Particularly after the “Borking” of Robert Bork in 1987 (led by Ted Kennedy and Joe Biden) brought ideological critiques of the nominees out into the open, Republican presidents adopted a strategy of looking for “stealth nominees” who had little paper trail of judicial decisions and academic writings to pick apart. Souter, nominated in 1990 to replace Brennan, was the ultimate stealth nominee, a soft-spoken, reclusive, colorless bachelor with no major red flags (from a liberal point of view) in his twelve-year judicial record, most of it on the New Hampshire state courts. George H. W. Bush didn’t set out to put a liberal on the Court, but he was willing to take the risk, and that left him vulnerable to staffers such as White House Chief of Staff John Sununu (Souter’s fellow New Hampshirite) who had a pretty good idea of what Bush was getting. Democratic interest groups gave Souter the generic Republican treatment, with the National Organization for Women printing “Stop Souter or Women will Die” buttons with an image of a coat hanger, but it didn’t fly, and he was confirmed 90-9. Even Biden voted for him; Ted Kennedy and John Kerry didn’t.

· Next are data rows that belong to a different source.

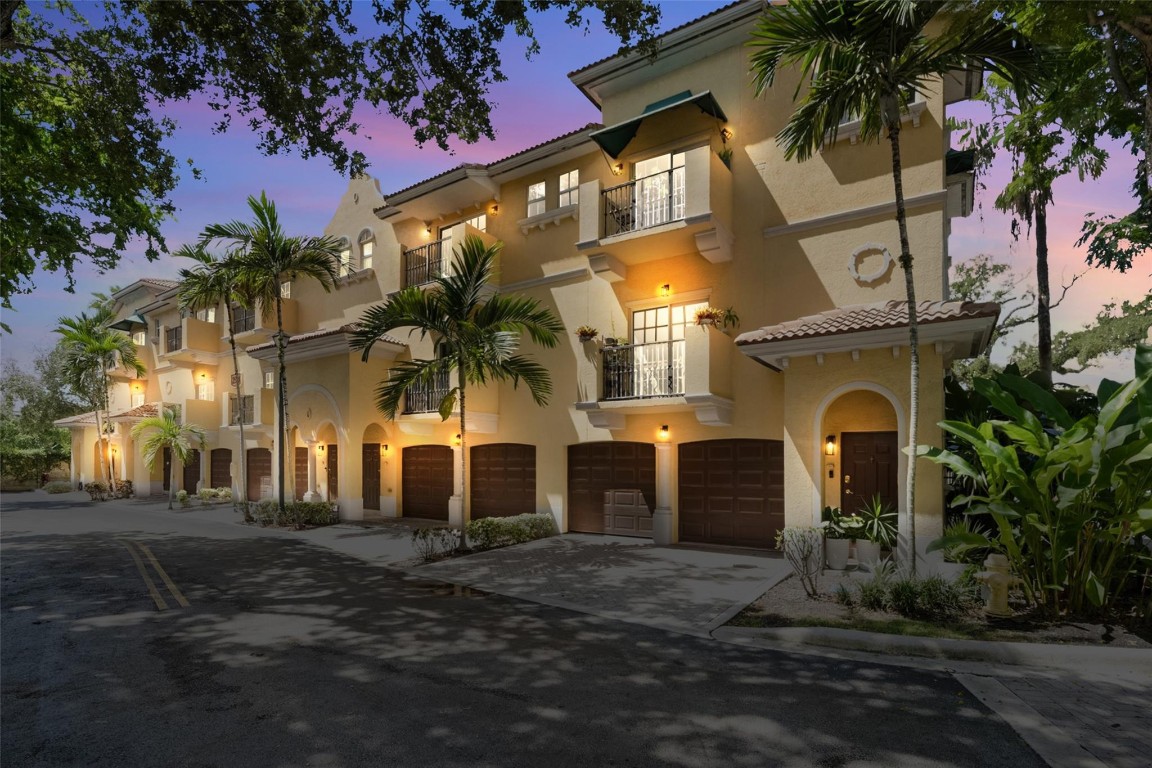 2544 SW 14th Ave 105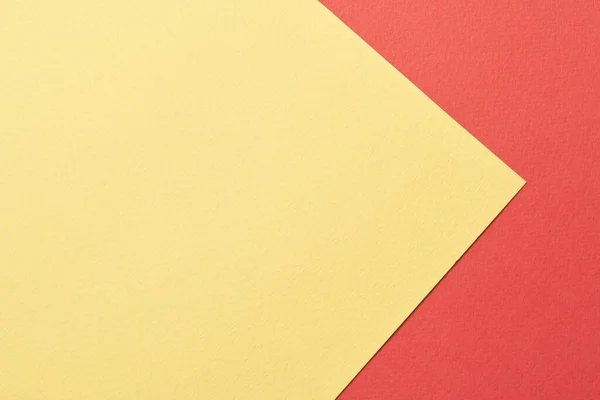 ラフなクラフト紙の背景 紙の質感赤い黄色の色 テキストのコピースペースを持つモックアップ — ストック写真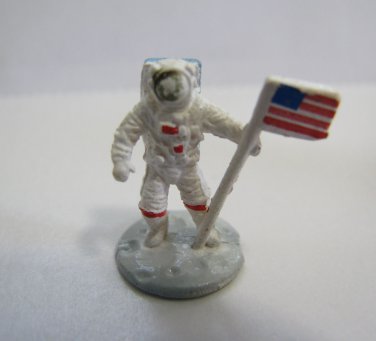Galoob Space Team Flag Holder Figure Micro Machines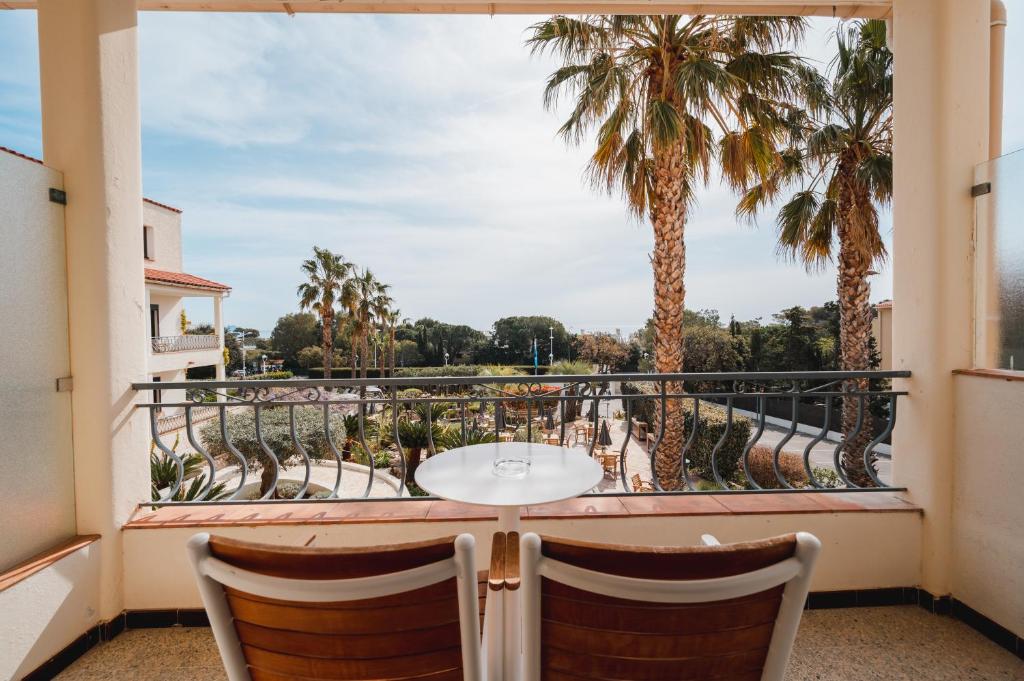 Balcony/terrace, Hotel Le Catalogne in Frejus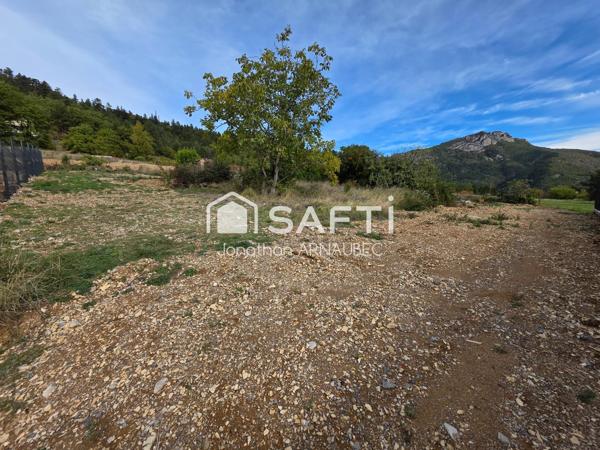 Construisez votre maison avec une vue panoramique sur les montagnes !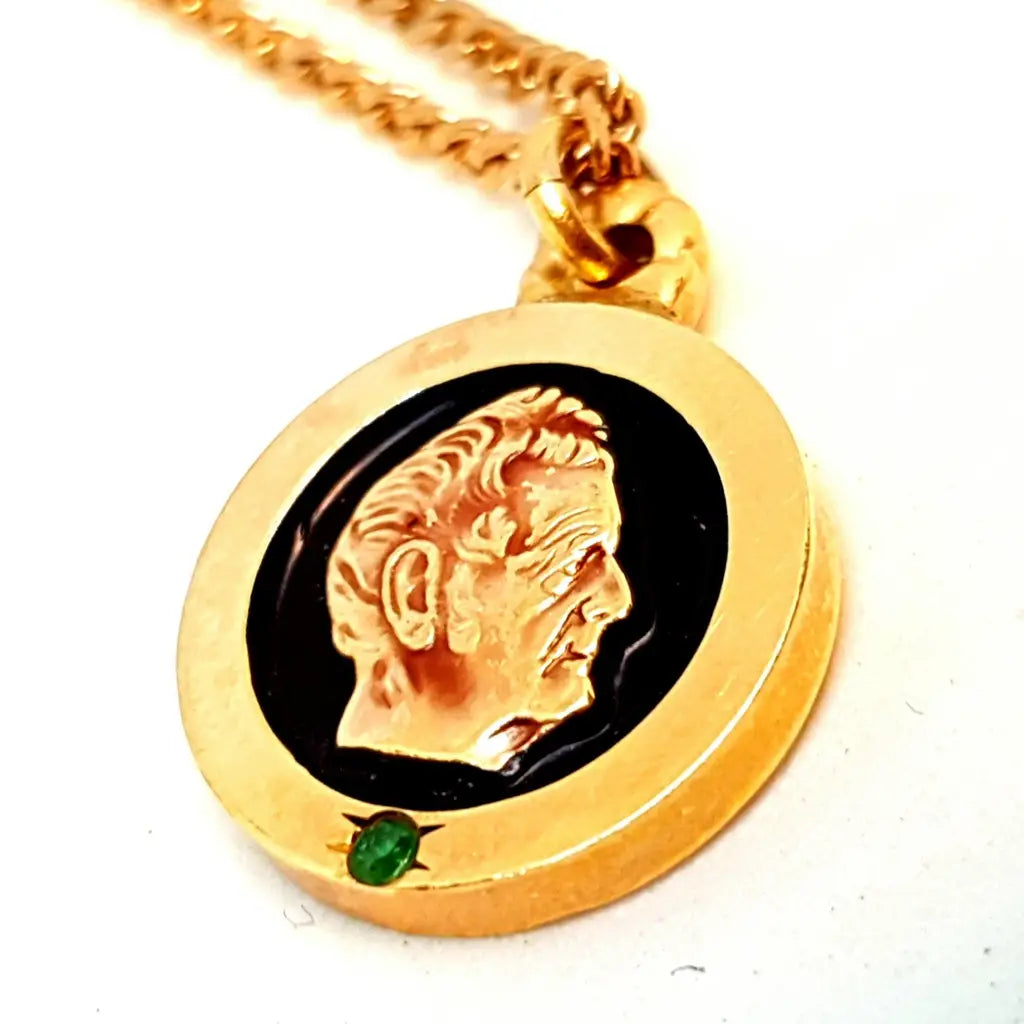 Collar John Deere en oro de 10 kt y esmeralda Joya coleccionismo Circa XX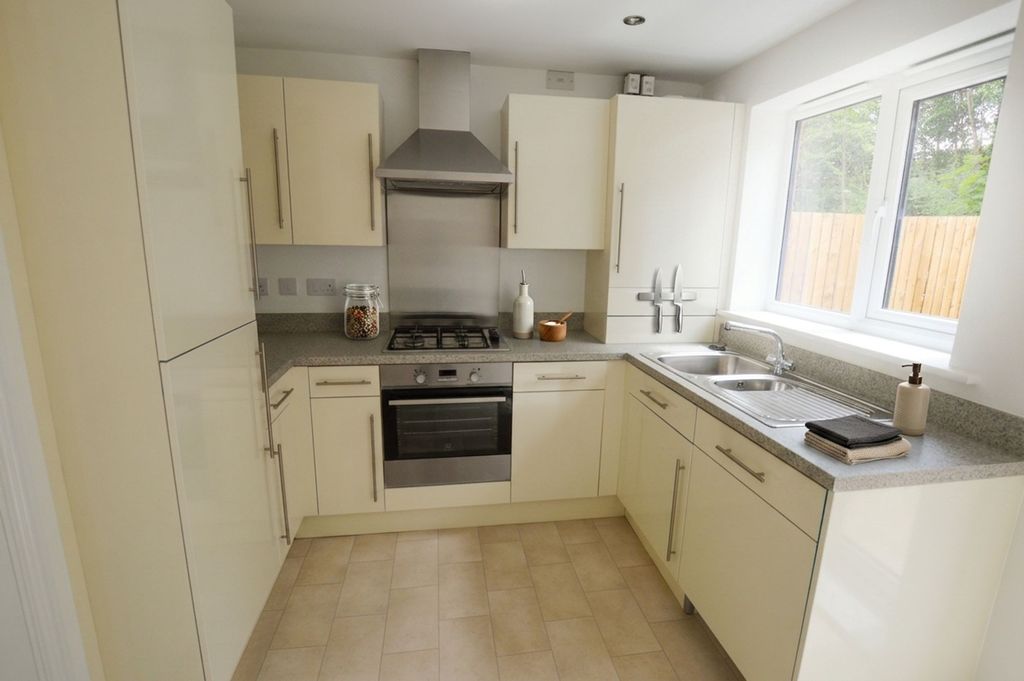 Property photo 3 of 12 Kitchen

Souter’s subsequent liberal record on the Court — including voting to sustain Roe in 1992 in Planned Parenthood v. Casey — made his name a conservative rallying cry of “no more Souters.” The stealth nominee strategy came to an abrupt end in 2005 after conservative opposition forced George W. Bush to abandon Harriet Miers, his White House counsel with a scant paper trail, and instead send the Republican-controlled Senate the nomination of Samuel Alito, who already had a long judicial track record that included ruling on the Third Circuit in favor of the pro-life law struck down in Casey. It seems unlikely that either party will attempt anything like the stealth-nominee strategy again.

A pleasant and courtly man, Souter made his enemies honestly, over judicial rulings. He was never as much of an activist liberal as Brennan, and wrote some important pro-business decisions on issues such as the procedural standards for dismissing a case on the pleadings. But he also chose to retire in 2009, giving Barack Obama the opening to put Sonia Sotomayor on the bench in his place. For years after leaving the Court, he remained active in sitting on federal appeals panels, still handing down decisions. R.I.P.